Diyarbakır 6. Ağır Ceza Mahkemesi, KCK davasında sanıkların Kürtçe savunma talebini reddederken, Diyarbakır 4. Ağır Ceza Mahkemesi'nde Şemdin Sakık'a yönelik suikast girişiminde bulunan PKK itirafçısı Fedli Temizyüz'ün Kürtçe savunma talebi kabul edildi. Şemdin Sakık'la aynı cezaevinde kalan sanık Fedli Temizyüz duruşmaya katıldı.
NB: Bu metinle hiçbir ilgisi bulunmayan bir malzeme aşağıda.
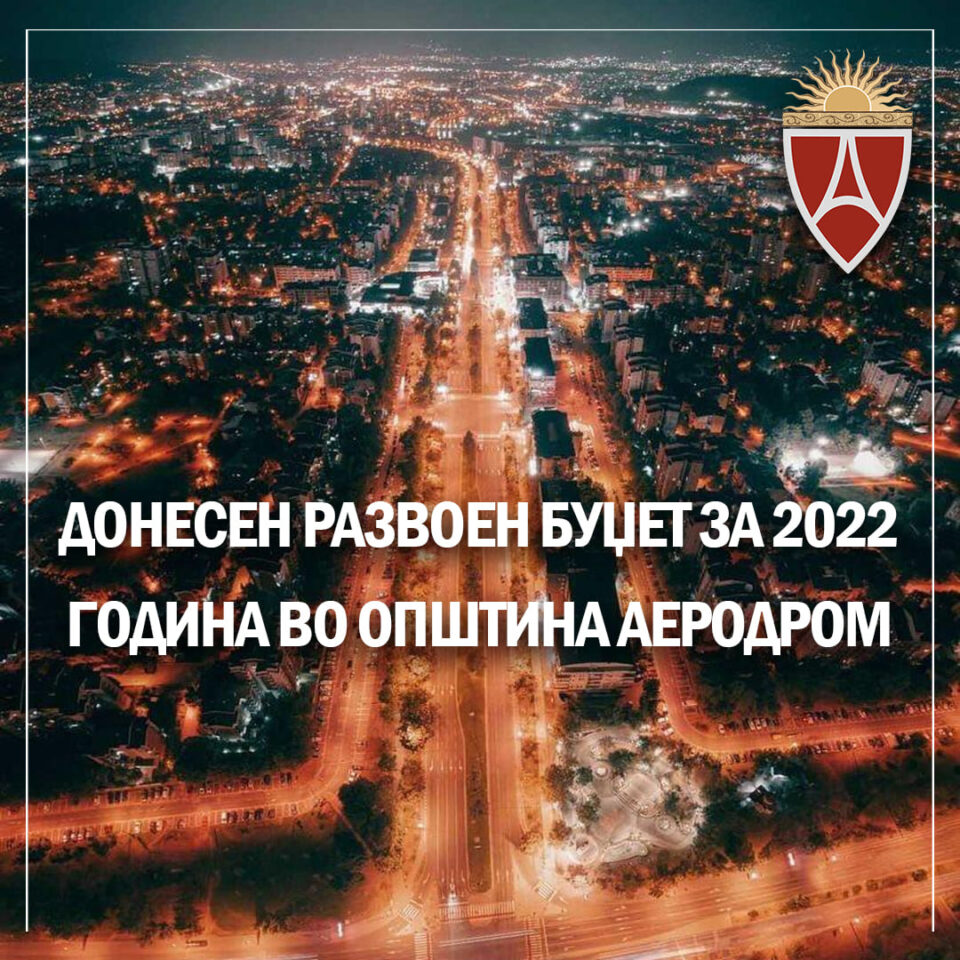 Муцунски: Донесен е буџетот на општина Аеродром за 2022 година кој предвидува капитални проекти, инвестиции и развој на инфраструктурата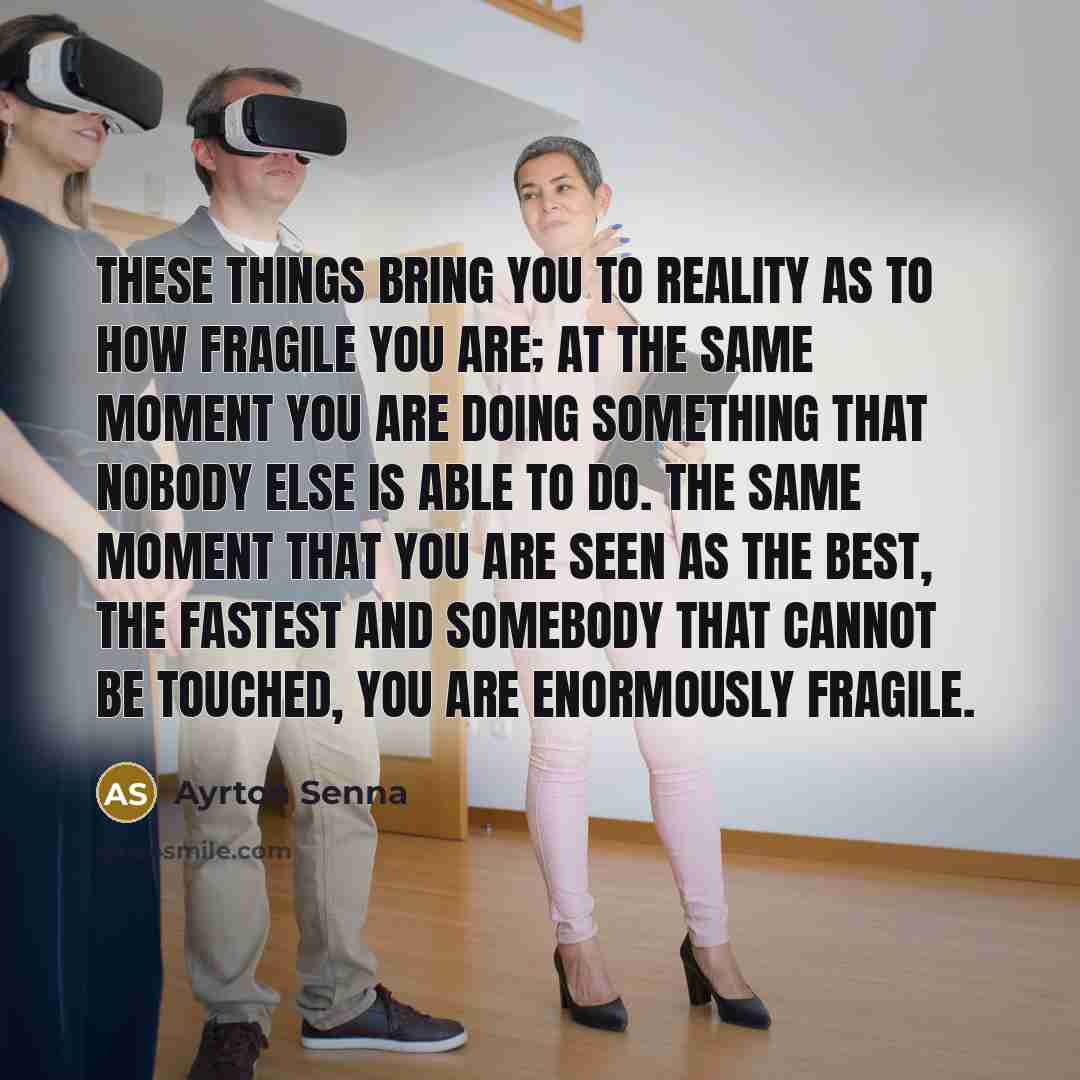 “These things bring you to reality as to how fragile you are; at the same moment you are doing something that nobody else is able to do. The same moment that you are seen as the best, the fastest and somebody that cannot be touched, you are enormously fragile.” quote by Ayrton Senna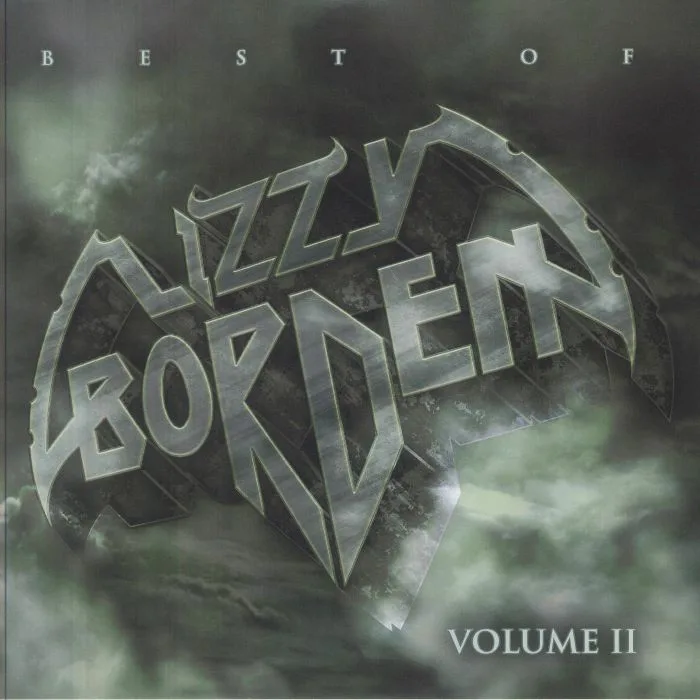 Lizzy BORDEN — Best Of Lizzy Borden Vol II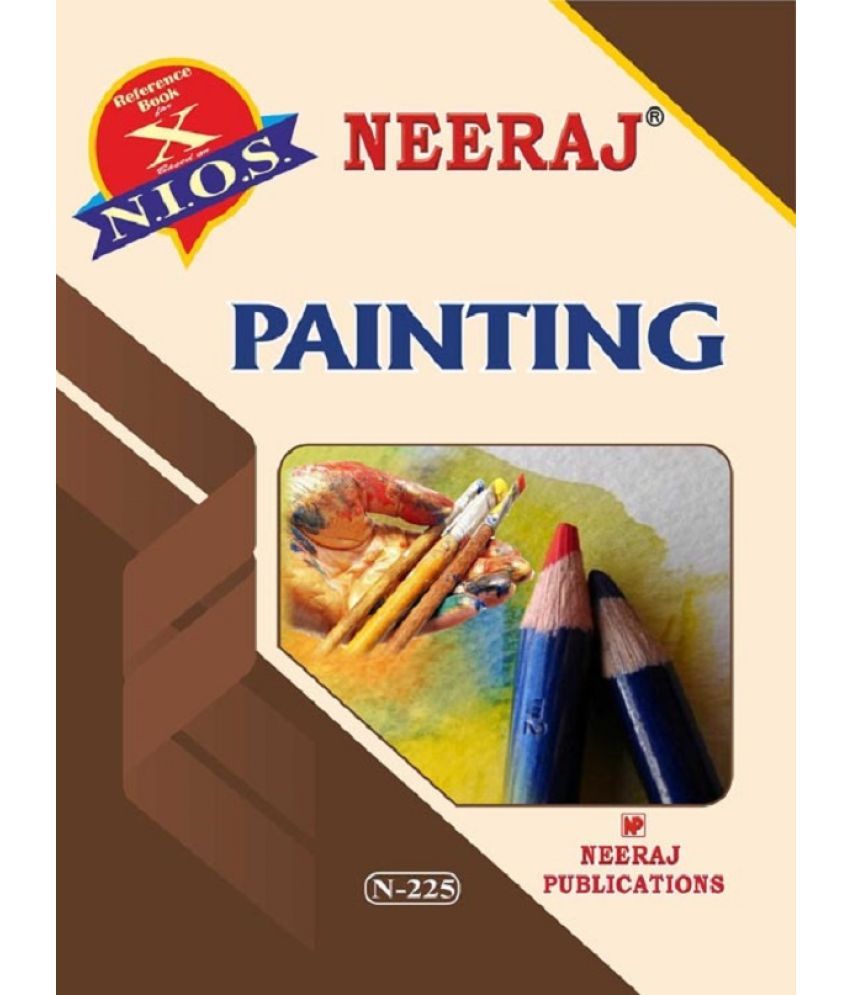 NIOS NEERAJ PAINTING REFERENCE BOOK FOR CLASS X ENGLISH MEDIUM Buy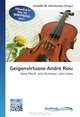 Geigenvirtuose AndrE Rieu: Seine Musik, sein Orchester, sein Leben (German Edition), 
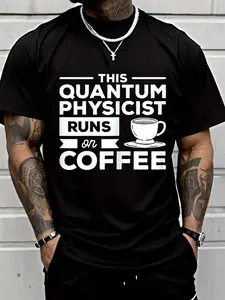 100% cotton This Quantum Physicist Runs On Coffee T-Shirt Men Graphic T-Shirt Cotton Print short Sleeve Casual Top, Summer Tee Mens Tops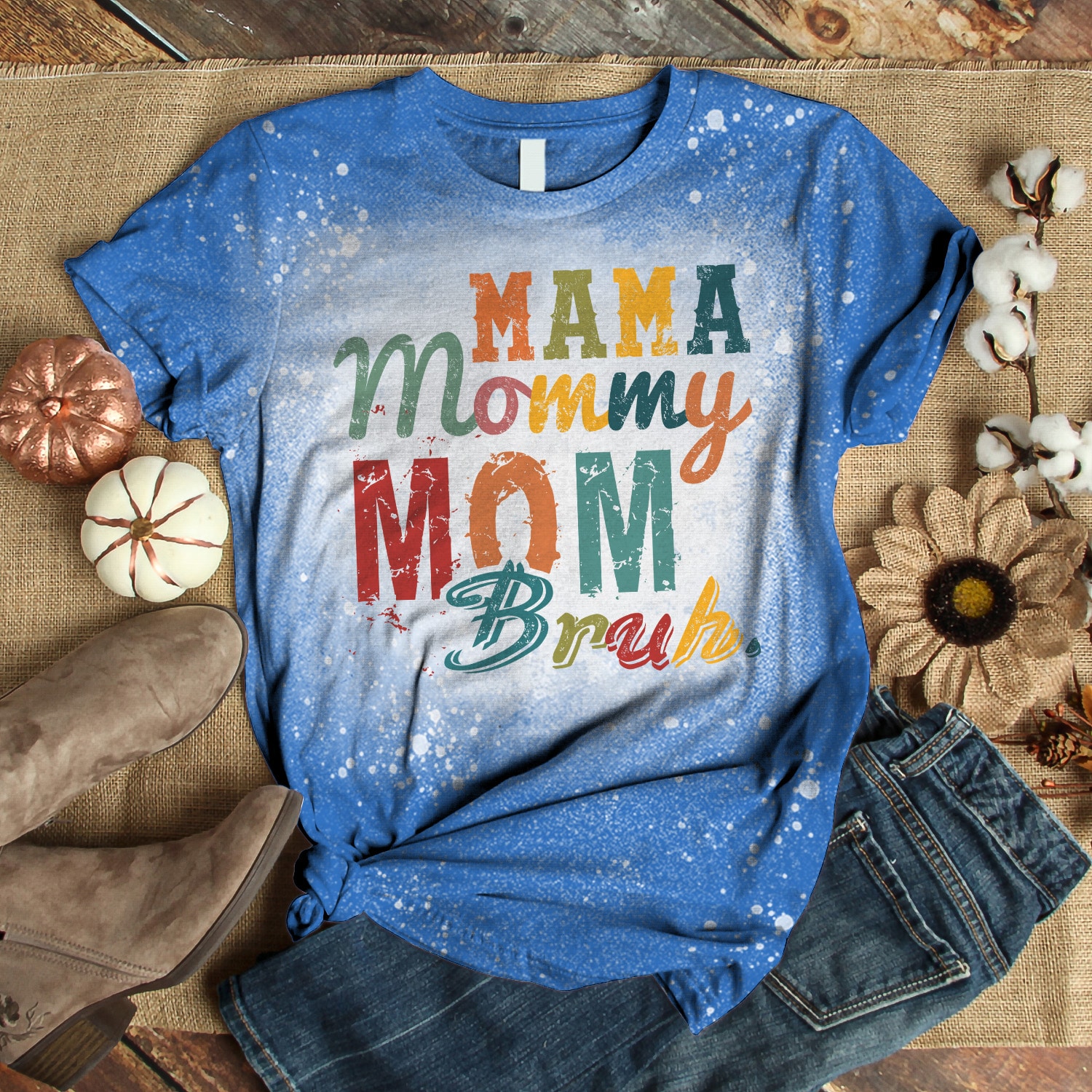 Mama Mommy Mom Bruh Mom Bleached T-Shirt - Funny Shirt for Mom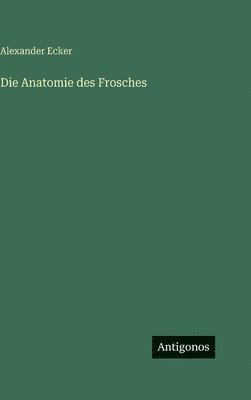 Alexander Ecker - Anatomie des Frosches, Inbunden. Tillgänglighet: Lägg i varukorg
Duruşmada iddia makamı esas hakkındaki mütalaasını mahkemeye sundu. İddia makamı, sanık Fedli Temizyüz'ün, Diyarbakır E Tipi Cezaevi'nde bulunan Şemdin Sakık'ın örgüte ihanet ettiğini öne sürüp, çok iyi korunan bir şahsın örgüt tarafından nasıl öldürülebileceğini ispatlamak için eylemi düzenlediği kaydedildi. Temizyüz'ün, PKK içinde bomba eğitimi aldığı ve maket geminin kendisi tarafından hazırlandığı kaydedilen mütalaada, sanığın örgüt adına hareket ettiği belirtildi. İddia makamı Temizyüz'ün TCK'nın 302/1 maddesini düzenleyen, "Devletin topraklarının tamamını veya bir kısmını yabancı bir devletin egemenliği altına koymak" ve Devletin birliğini bozmak" suçlarından ğırlaştırılmış müebbet hapis cezası verilmesini talep etti.
Sanık avukatı Osman Çelik iddia makamının esas hakkındaki mütalaasına karşı esas hakkındaki savunmalarını hazırlamak için süre talebinde bulunurken, sanık Temizyüz, mahkemeye 55 sayfadan oluşan Kürtçe savunmasını sundu. Yazılı savunma dışında sözlü savunma yapmayacağını beyan eden Temizyüz, duruşmalara katılmak istemediğini ve muaf tutulmasını istedi. Temizyüz'ün savunması mahkeme heyeti tarafından tutanaklara "55 sayfalık el yazısı ile Kürtçe savunma olarak yazılmış savunmalarını dosyaya konuldu" şeklinde geçirildi.
Taleplerin ardından duruşmaya kısa bir ara veren mahkeme heyeti, sanık müdafiinin esas hakkındaki savunmasını hazırlaması için bir sonraki celseye kadar süre verilmesine, Temizyüz'ün Kürtçe savunmasını Türkçe'ye çevirmesi için bilirkişi atanmasına ve sanığın duruşmalardan vareste tutulmasına karar vererek 9 Aralık 2010'a ertelendi. (HABERTÜRK)
- İm (Kod): Tümünü seç
http://haber.gazetevatan.com/mahkeme-kurtce-savunmayi-kabul-etti/342703/1/Gundem
Yugoslavya'yı Hırvatça parçaladı!..Türkiye o yola girdi...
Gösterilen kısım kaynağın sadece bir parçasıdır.